What to do: Starting at the line that contains "Cubierta La Vanguardia", write out every line to the end of the records below exactly, and leave out the pictures.

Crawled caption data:
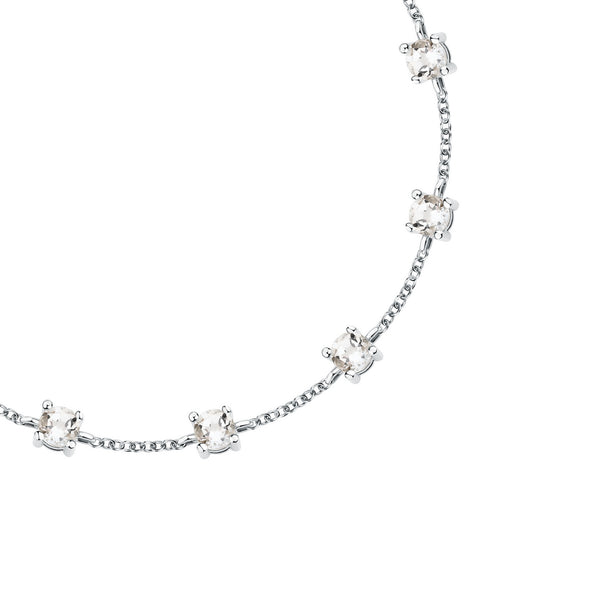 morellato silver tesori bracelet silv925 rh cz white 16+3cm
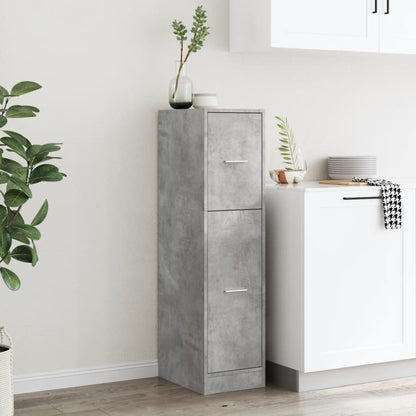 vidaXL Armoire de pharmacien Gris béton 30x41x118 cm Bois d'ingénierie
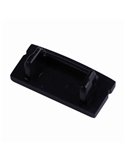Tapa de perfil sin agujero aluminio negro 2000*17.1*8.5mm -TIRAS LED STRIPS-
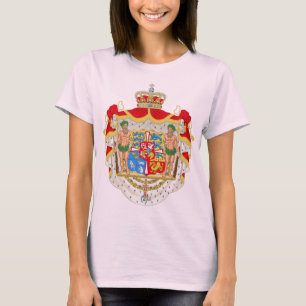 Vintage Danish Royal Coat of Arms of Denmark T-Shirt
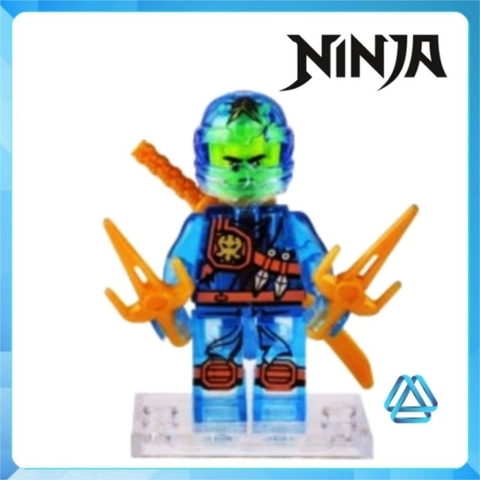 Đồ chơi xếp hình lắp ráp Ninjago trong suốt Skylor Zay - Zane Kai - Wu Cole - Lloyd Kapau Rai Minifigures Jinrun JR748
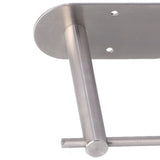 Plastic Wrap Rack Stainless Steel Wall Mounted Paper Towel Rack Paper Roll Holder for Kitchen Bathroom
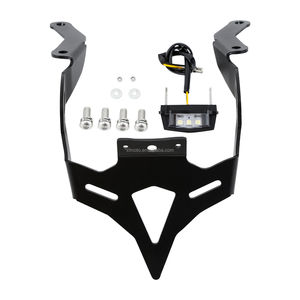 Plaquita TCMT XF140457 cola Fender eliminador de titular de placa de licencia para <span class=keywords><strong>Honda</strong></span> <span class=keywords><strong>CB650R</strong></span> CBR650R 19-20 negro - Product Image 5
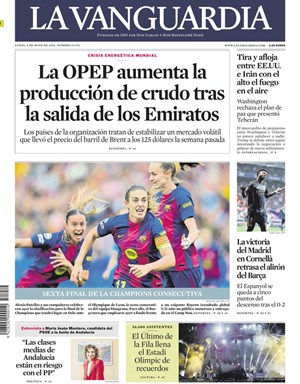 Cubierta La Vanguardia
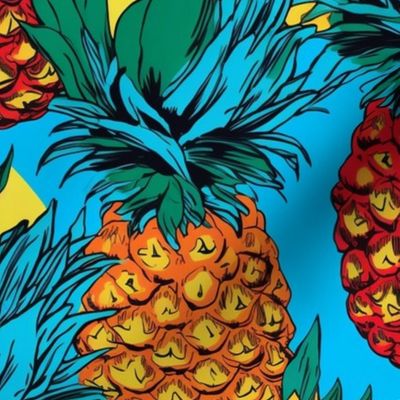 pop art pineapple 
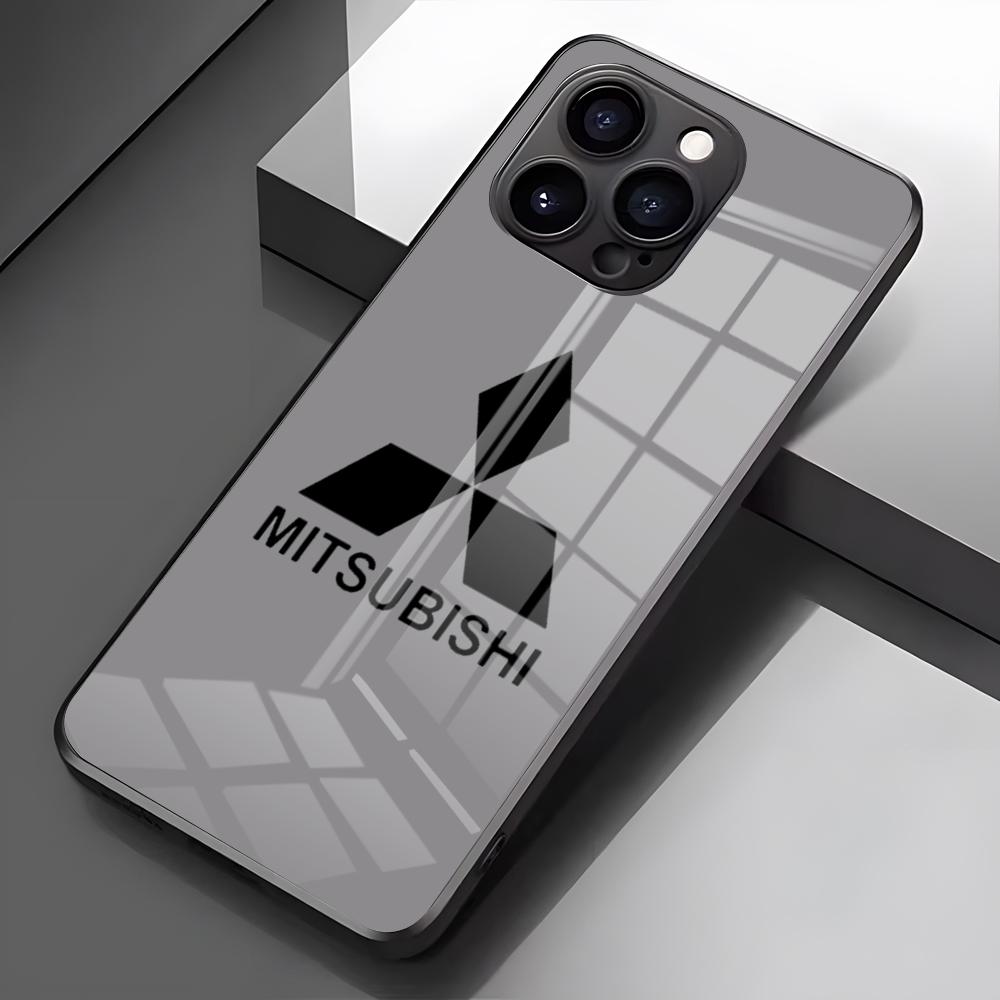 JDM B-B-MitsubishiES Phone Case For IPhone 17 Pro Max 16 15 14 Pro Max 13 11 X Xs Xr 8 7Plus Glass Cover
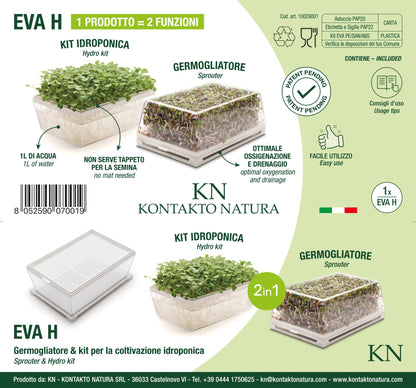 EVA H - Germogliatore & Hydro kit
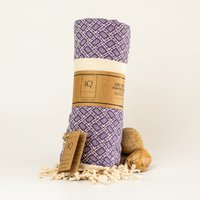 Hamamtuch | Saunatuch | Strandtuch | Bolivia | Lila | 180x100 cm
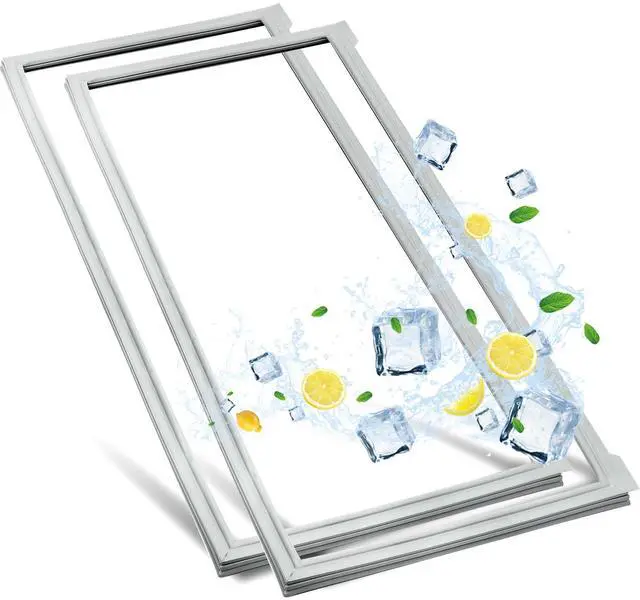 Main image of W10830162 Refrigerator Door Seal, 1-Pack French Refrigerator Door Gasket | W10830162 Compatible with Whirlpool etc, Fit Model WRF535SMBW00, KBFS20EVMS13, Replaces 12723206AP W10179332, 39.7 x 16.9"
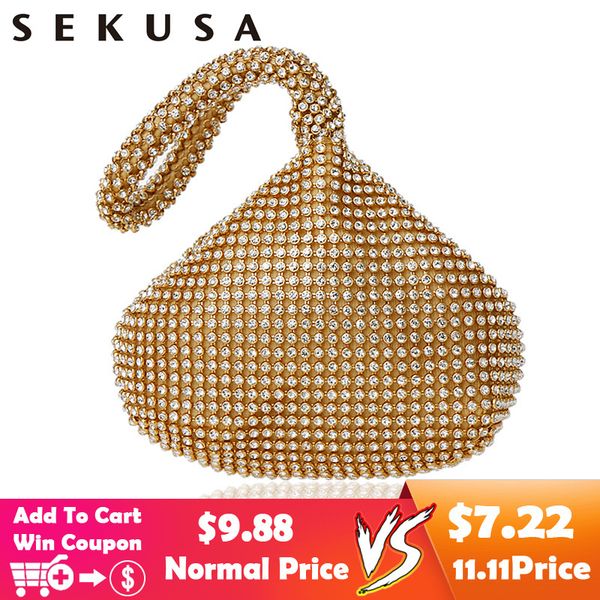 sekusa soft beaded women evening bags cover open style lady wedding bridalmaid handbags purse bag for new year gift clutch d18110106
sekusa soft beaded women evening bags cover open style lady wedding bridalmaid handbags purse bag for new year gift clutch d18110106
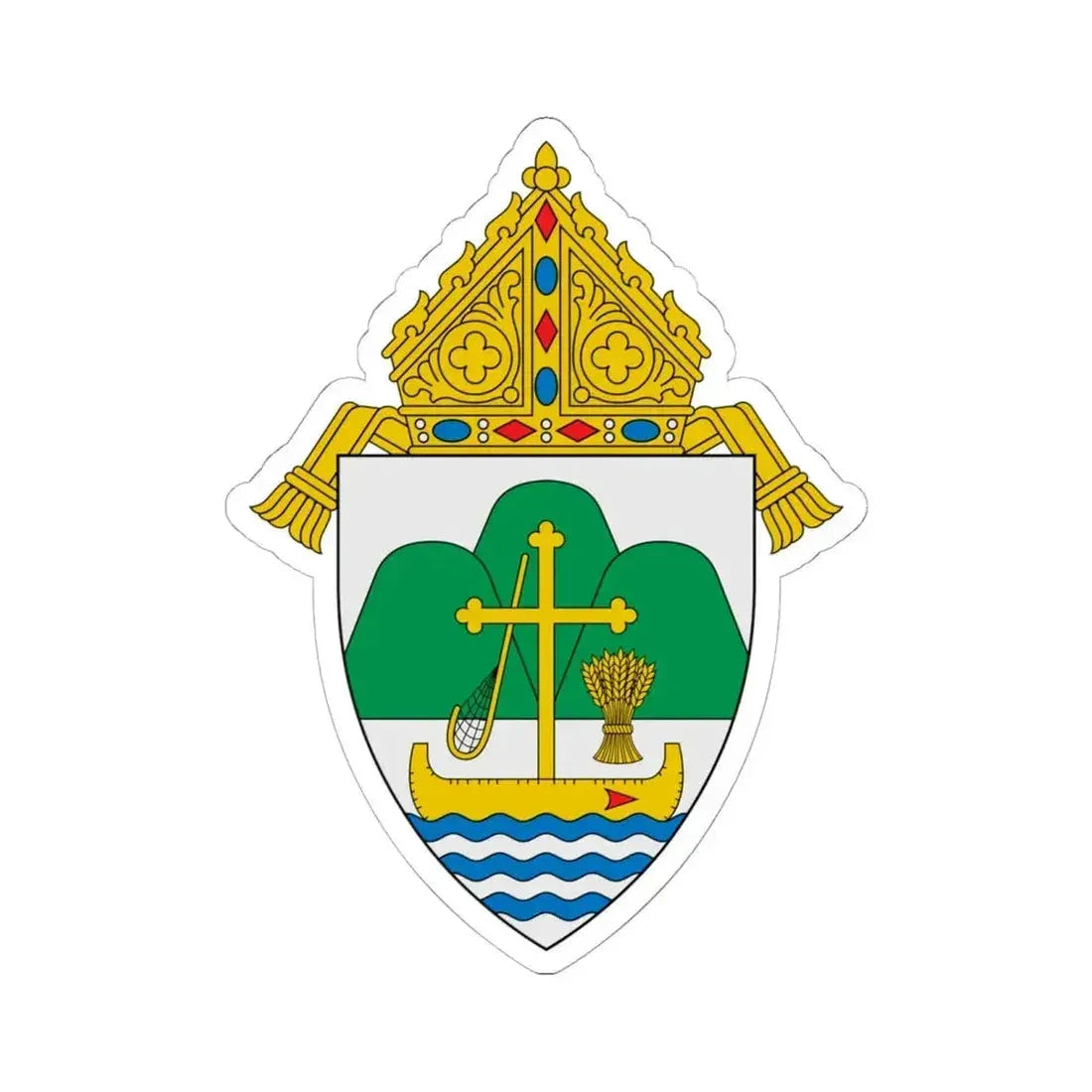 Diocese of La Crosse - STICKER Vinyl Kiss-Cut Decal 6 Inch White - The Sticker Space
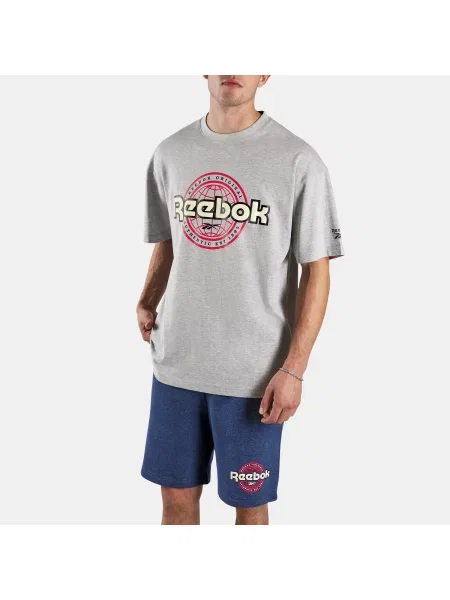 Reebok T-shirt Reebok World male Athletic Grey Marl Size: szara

Exercise solution:
 Cubierta La Vanguardia
 pop art pineapple 
 JDM B-B-MitsubishiES Phone Case For IPhone 17 Pro Max 16 15 14 Pro Max 13 11 X Xs Xr 8 7Plus Glass Cover
 EVA H - Germogliatore & Hydro kit
 Hamamtuch | Saunatuch | Strandtuch | Bolivia | Lila | 180x100 cm
 Main image of W10830162 Refrigerator Door Seal, 1-Pack French Refrigerator Door Gasket | W10830162 Compatible with Whirlpool etc, Fit Model WRF535SMBW00, KBFS20EVMS13, Replaces 12723206AP W10179332, 39.7 x 16.9"
 sekusa soft beaded women evening bags cover open style lady wedding bridalmaid handbags purse bag for new year gift clutch d18110106
sekusa soft beaded women evening bags cover open style lady wedding bridalmaid handbags purse bag for new year gift clutch d18110106
 Diocese of La Crosse - STICKER Vinyl Kiss-Cut Decal 6 Inch White - The Sticker Space
 Reebok T-shirt Reebok World male Athletic Grey Marl Size: szara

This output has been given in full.